§ Goal of the exercise: All lines from the one containing "Eladó lakás Budapest VI. kerület 95 nm" through the end of the data below are to be repeated exactly, with pictures left out.

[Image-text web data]
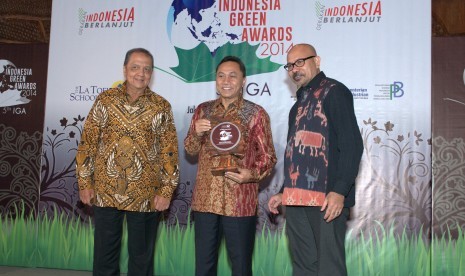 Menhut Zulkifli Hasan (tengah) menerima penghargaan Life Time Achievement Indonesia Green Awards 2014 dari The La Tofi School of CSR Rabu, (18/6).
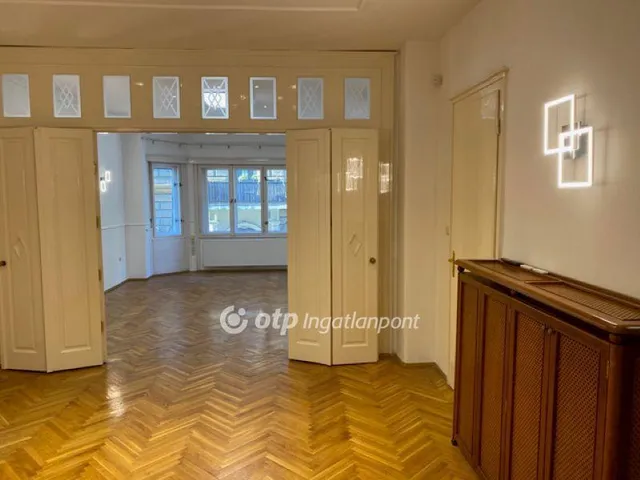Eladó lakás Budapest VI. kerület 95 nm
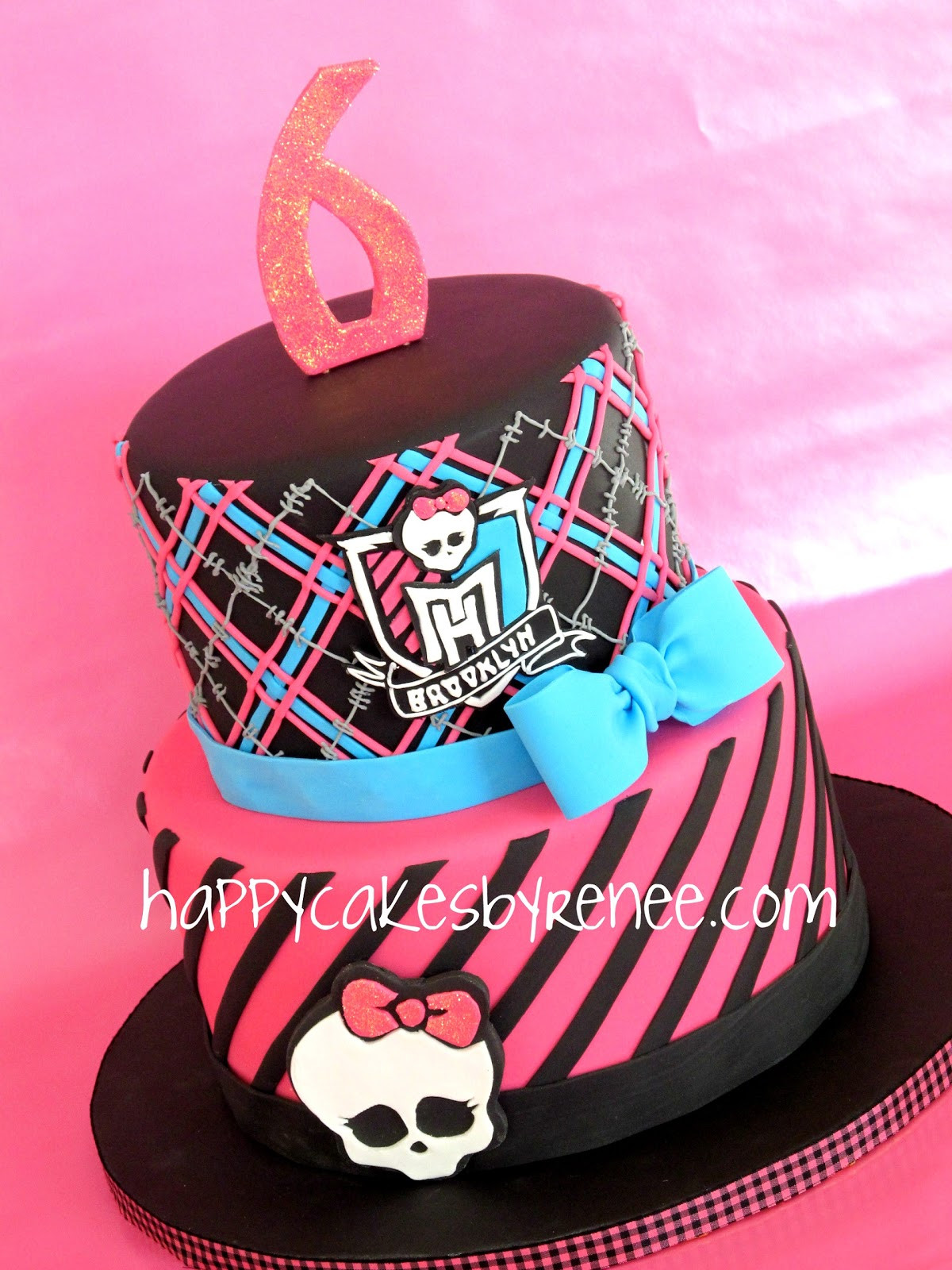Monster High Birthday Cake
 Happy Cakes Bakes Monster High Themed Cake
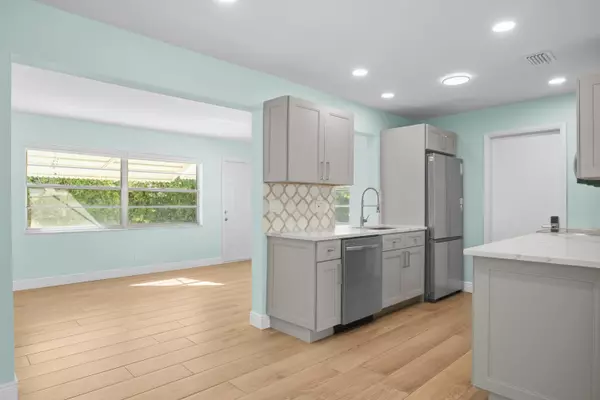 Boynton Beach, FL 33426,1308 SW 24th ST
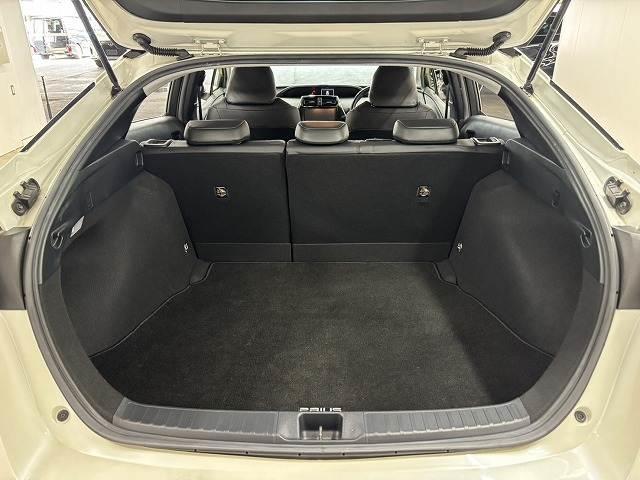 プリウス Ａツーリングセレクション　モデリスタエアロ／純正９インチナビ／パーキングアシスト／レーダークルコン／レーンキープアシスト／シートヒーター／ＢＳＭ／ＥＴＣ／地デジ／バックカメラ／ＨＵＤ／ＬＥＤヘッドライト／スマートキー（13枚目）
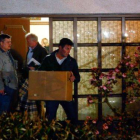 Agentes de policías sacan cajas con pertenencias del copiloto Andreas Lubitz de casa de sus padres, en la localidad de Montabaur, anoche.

§ Answer box:
Eladó lakás Budapest VI. kerület 95 nm
Monster High Birthday Cake
 Happy Cakes Bakes Monster High Themed Cake
 Boynton Beach, FL 33426,1308 SW 24th ST
 プリウス Ａツーリングセレクション　モデリスタエアロ／純正９インチナビ／パーキングアシスト／レーダークルコン／レーンキープアシスト／シートヒーター／ＢＳＭ／ＥＴＣ／地デジ／バックカメラ／ＨＵＤ／ＬＥＤヘッドライト／スマートキー（13枚目）
 Agentes de policías sacan cajas con pertenencias del copiloto Andreas Lubitz de casa de sus padres, en la localidad de Montabaur, anoche.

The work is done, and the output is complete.